## DATA BLOCK
◆ ◆ ◆ ◆ ◆ ◆ ◆

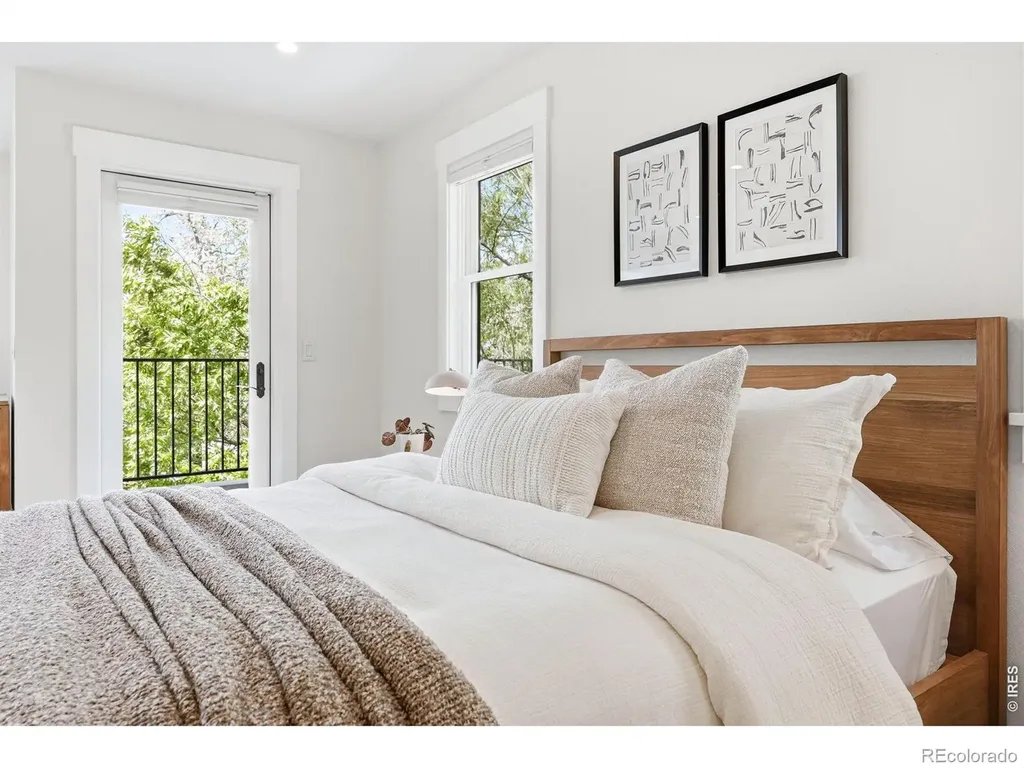 2056 Walnut Street Boulder CO 80302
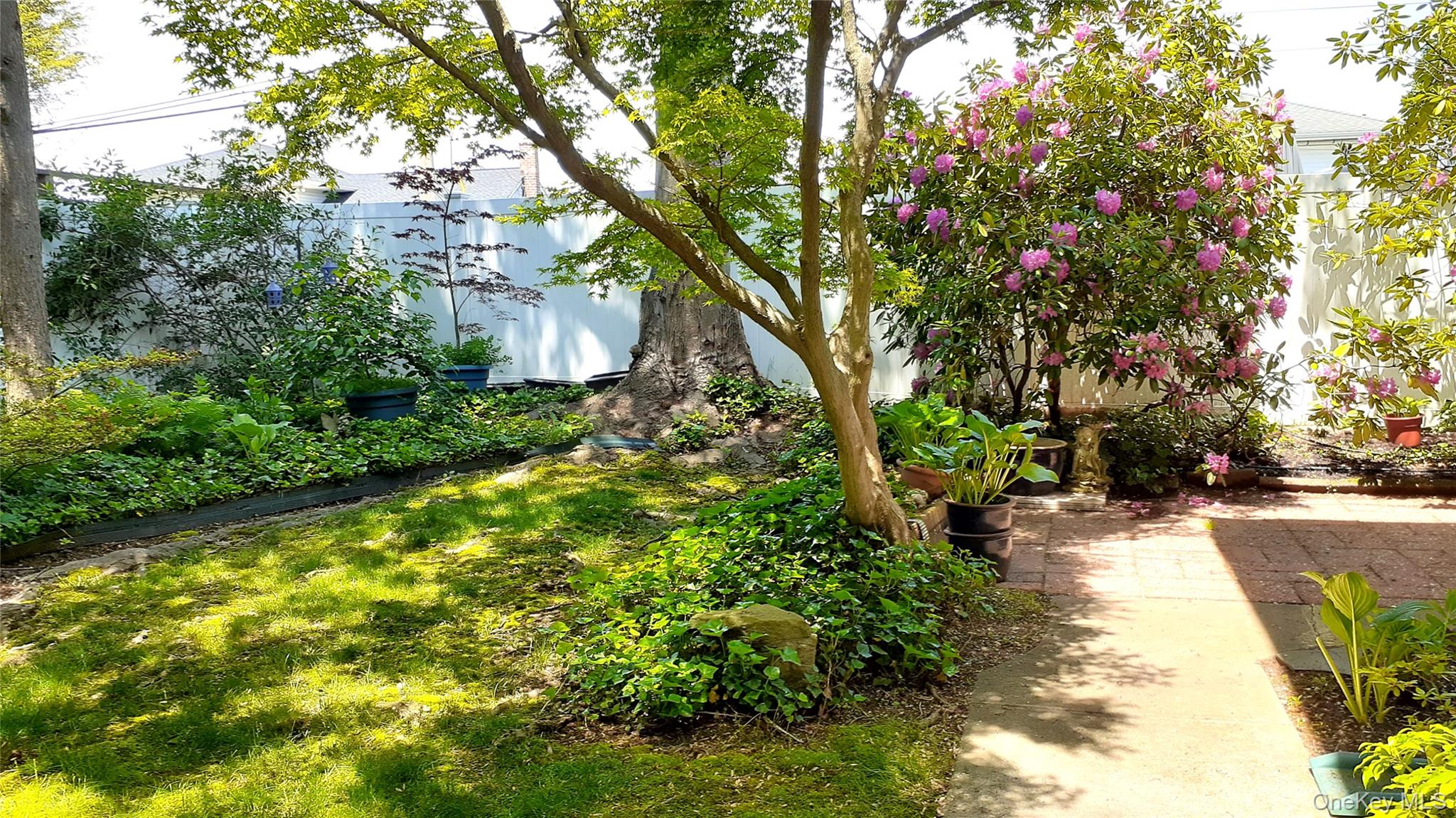 28 Halcourt Drive, Plainview, NY 11803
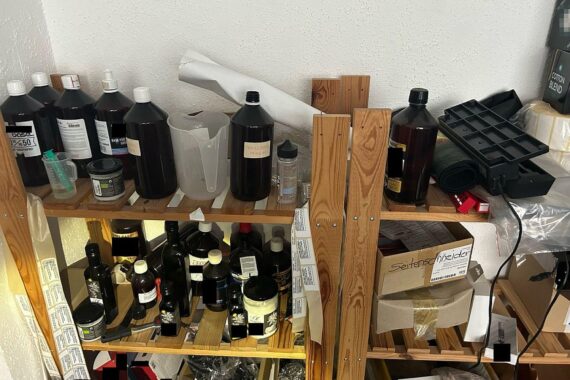 Lagerregal mit illegalen Materialien zur Herstellung von E-Zigaretten-Liquid und leeren Behältern.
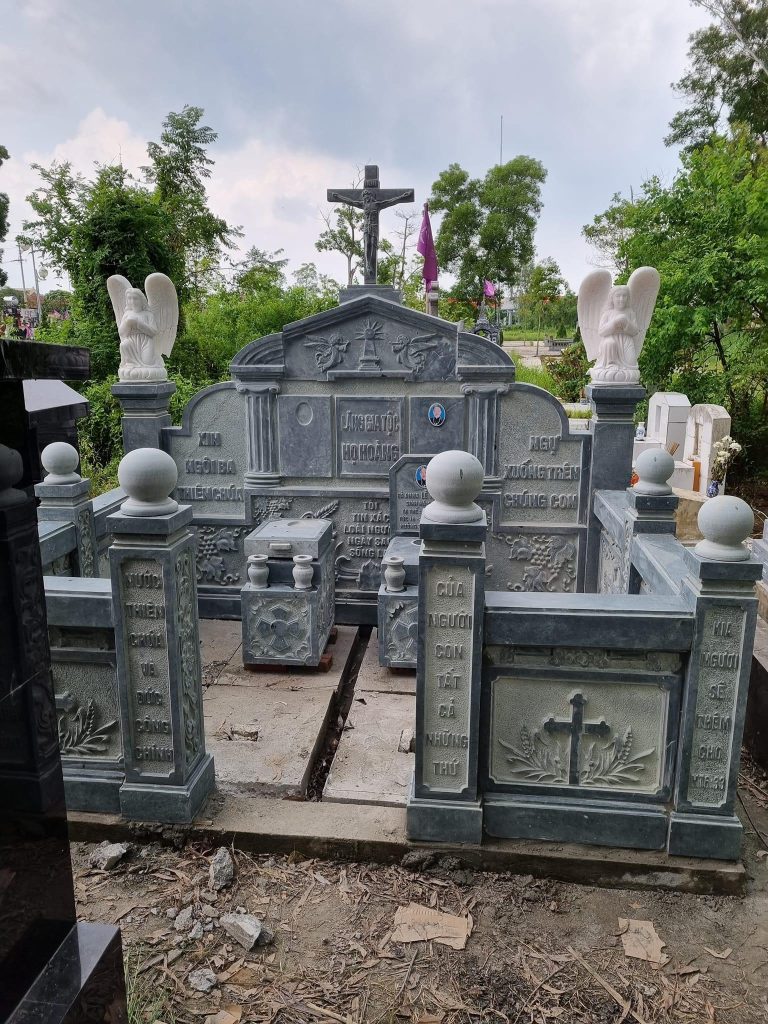 Đá xanh Thanh Hóa nguyên khối làm lăng mộ đá.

◆ ◆ ◆ ◆ ◆ ◆ ◆

## HOW TO COMPLETE THIS TASK
Every line of the listing above is to be retyped exactly, but the pictures are to be dropped.

## EXPECTED ANSWER
 2056 Walnut Street Boulder CO 80302
 28 Halcourt Drive, Plainview, NY 11803
 Lagerregal mit illegalen Materialien zur Herstellung von E-Zigaretten-Liquid und leeren Behältern.
 Đá xanh Thanh Hóa nguyên khối làm lăng mộ đá.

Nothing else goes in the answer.